─── Material supplied

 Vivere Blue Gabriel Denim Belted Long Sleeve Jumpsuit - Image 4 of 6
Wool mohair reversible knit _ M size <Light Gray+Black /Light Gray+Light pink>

──────
─── Material supplied

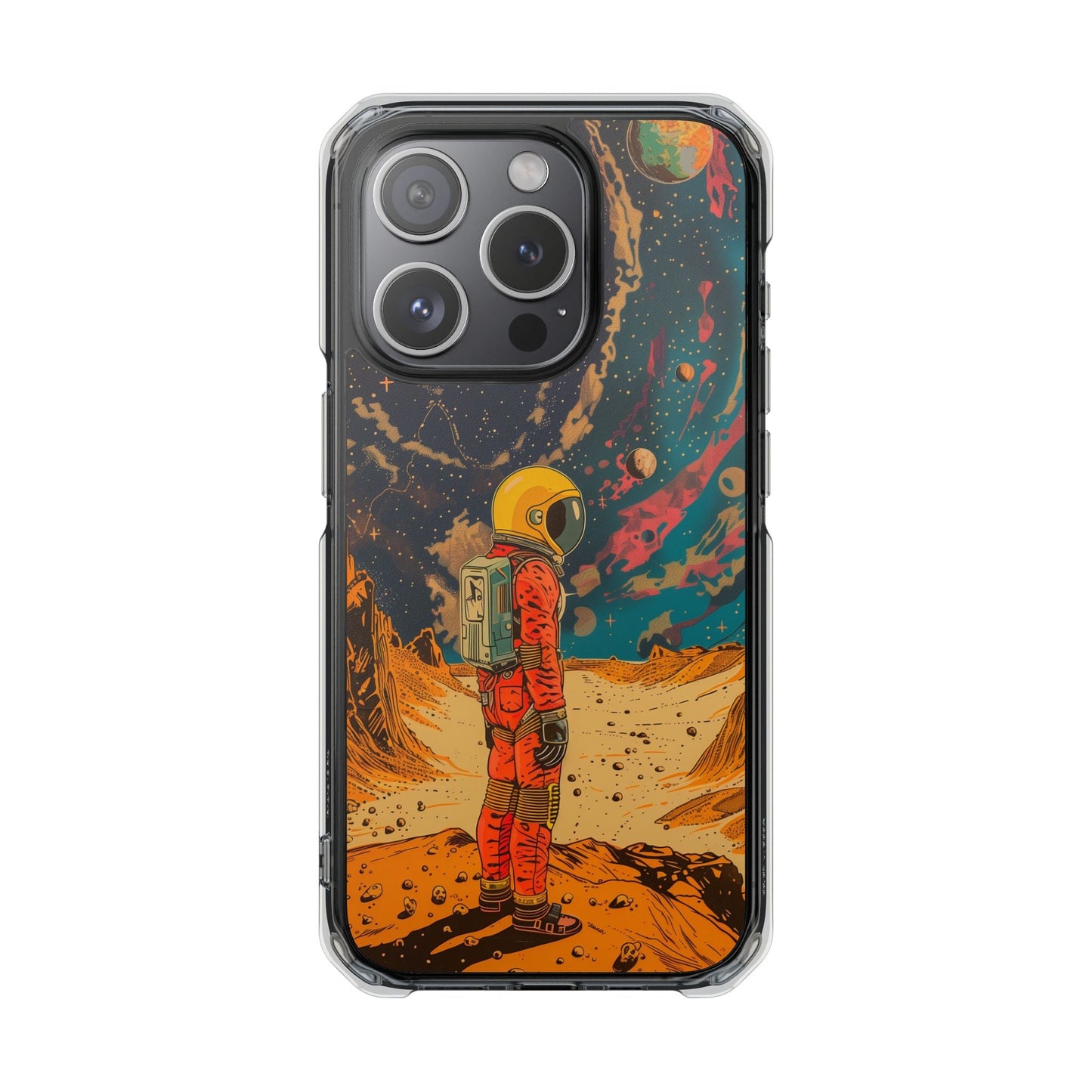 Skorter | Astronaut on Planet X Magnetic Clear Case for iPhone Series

──────

#### What this task involves
In the listing above, find the line with "Vivere Blue Gabriel" and the line with "Wool mohair reversible", then print exactly those lines and every line between them.

#### The answer
 Vivere Blue Gabriel Denim Belted Long Sleeve Jumpsuit - Image 4 of 6
Wool mohair reversible knit _ M size <Light Gray+Black /Light Gray+Light pink>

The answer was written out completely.